Some of the key advantages of UMAP are:

- It can handle
**large datasets**and high-dimensional data without too much difficulty. - It combines the
**power of visualization**with the ability to reduce the dimensions of the data. - Along with preserving the local structure, it also
**preserves the global structure**of the data.

**Locally Linear Embedding (LLE)**

The LLE algorithm is an unsupervised method for dimensionality reduction. It tries to reduce n-dimensions while trying to **preserve the geometric **features of the original non-linear feature structure.

For example, in the illustration below, we cast the structure of the swiss roll into a lower-dimensional plane, while maintaining its geometric structure.

In short, if we have D dimensions for data X1, we try to reduce X1 to X2 in a feature space with d dimensions.

LLE first finds the **k-nearest neighbors** of the points.
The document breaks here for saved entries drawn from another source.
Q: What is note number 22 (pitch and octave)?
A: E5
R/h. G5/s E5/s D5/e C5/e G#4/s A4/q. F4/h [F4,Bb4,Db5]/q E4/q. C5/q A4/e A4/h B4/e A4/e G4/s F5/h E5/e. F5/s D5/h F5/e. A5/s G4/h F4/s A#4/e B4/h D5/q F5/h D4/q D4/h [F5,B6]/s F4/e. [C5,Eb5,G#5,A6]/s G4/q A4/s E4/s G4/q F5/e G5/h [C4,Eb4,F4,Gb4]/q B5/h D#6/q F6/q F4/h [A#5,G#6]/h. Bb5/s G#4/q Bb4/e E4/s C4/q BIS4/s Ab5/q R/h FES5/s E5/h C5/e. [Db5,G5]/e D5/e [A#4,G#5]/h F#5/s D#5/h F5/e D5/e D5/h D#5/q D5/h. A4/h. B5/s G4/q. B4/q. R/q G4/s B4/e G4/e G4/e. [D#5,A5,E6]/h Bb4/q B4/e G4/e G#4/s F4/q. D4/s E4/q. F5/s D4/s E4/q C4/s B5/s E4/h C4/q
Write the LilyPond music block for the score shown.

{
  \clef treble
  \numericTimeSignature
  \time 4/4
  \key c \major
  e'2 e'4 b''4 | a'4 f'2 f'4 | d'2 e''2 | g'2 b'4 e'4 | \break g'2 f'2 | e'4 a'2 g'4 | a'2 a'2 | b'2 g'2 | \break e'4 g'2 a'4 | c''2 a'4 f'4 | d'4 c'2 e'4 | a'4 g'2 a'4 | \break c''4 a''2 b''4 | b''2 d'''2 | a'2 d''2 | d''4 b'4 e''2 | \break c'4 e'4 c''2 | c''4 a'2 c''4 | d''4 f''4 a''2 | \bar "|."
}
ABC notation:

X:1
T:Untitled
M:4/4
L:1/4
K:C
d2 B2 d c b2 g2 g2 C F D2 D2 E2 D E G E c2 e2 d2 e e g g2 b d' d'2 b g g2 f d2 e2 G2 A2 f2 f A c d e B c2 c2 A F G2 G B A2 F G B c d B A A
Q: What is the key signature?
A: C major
Then, it approximates each data vector as a** weighted linear combination** of its k-nearest neighbors. Finally, it computes the weights that best reconstruct the vectors from their neighbors, then produces the low-dimensional vectors best reconstructed by these weights. LLE optimizes relatively fast but fails on noisy data.

## Autoencoders

An autoencoder can be defined as a neural network whose primary purpose is to **learn the** **underlying manifold** or the feature space in the dataset. An autoencoder tries to reconstruct the inputs at the outputs. Unlike other nonlinear dimension reduction methods, the autoencoders do not strive to preserve a single property like distance or topology.

An autoencoder generally consists of two parts: an encoder that transforms the input to a hidden code and a decoder that reconstructs the input from hidden code.

One might wonder, how does feature learning or dimension reduction happen if the end result is the same as the input? The assumption behind autoencoders is that the transformation **“input –> hidden –> input“ **will help us learn important properties of the dataset.

## Final Thoughts

Dealing with thousands and millions of features is a must-have skill for any data scientist. The amount of data we are generating each day is unprecedented and we need to find different ways to figure out how to use it. Dimensionality reduction is a very useful way to do this and has worked wonders on multiple tasks.

When trying to decide on which dimension reduction technique to use, It is considered to be a good practice to first visualize your data and then decide which method to use.

It is not difficult to fall into the trap of considering one technique better than the other, at the end of the day there is no way to map high-dimensional data into low dimensions while preserving the whole structure at the same time, there is always a trade-off of qualities and one technique will have to be compared to the other.